Aidan Zittersteijn

Personal information
- Nationality: Cook Islander
- Born: 8 September 1999 (age 26) New Plymouth, New Zealand

Sport
- Sport: Lawn bowls

Medal record
Representing Cook Islands
Commonwealth Games
| Bronze medal – third place | 2018 Gold Coast | Men's pairs |
Pacific Games
| Gold medal – first place | 2019 Samoa | Men's fours |

= Aidan Zittersteijn =

Cook Islander lawn bowler (born 1999)

Aidan Zittersteijn (born 8 September 1999) is a Cook Island international lawn bowler.

==Bowls career==
He was born in New Plymouth, New Zealand and was selected as part of the Cook Islands team for the 2018 Commonwealth Games on the Gold Coast in Queensland where he reached the semi-finals of the Pairs with Taiki Paniani. They then claimed a bronze medal after defeating Malta in the play off to win the first ever medal for the nation.

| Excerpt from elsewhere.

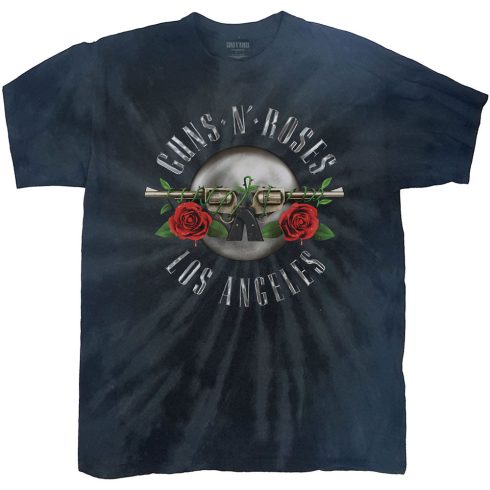 Guns N' Roses - Los Angeles (Dip-Dye) póló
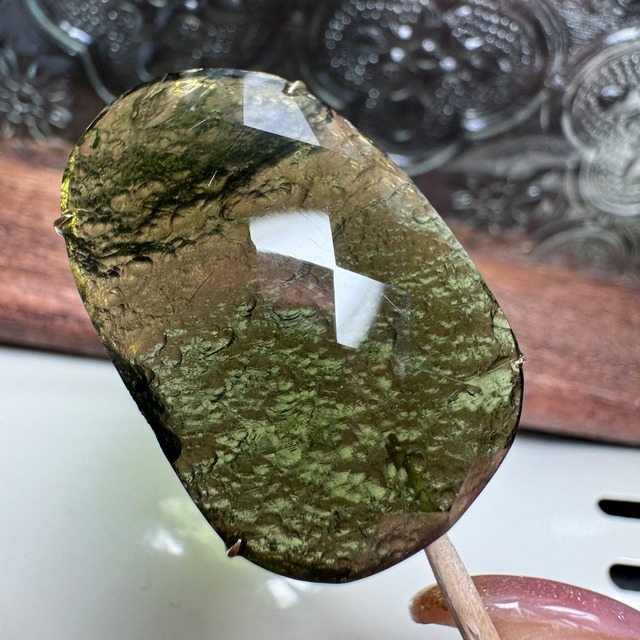 no.P9 モルダバイト k18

In 2019, he won a gold medal at the Pacific Games in the fours event. In 2022, he competed in the men's triples and the men's fours at the 2022 Commonwealth Games.

In 2023, he was selected as part of the team to represent the Cook Islands at the 2023 World Outdoor Bowls Championship. He participated in the men's pairs and the men's fours events.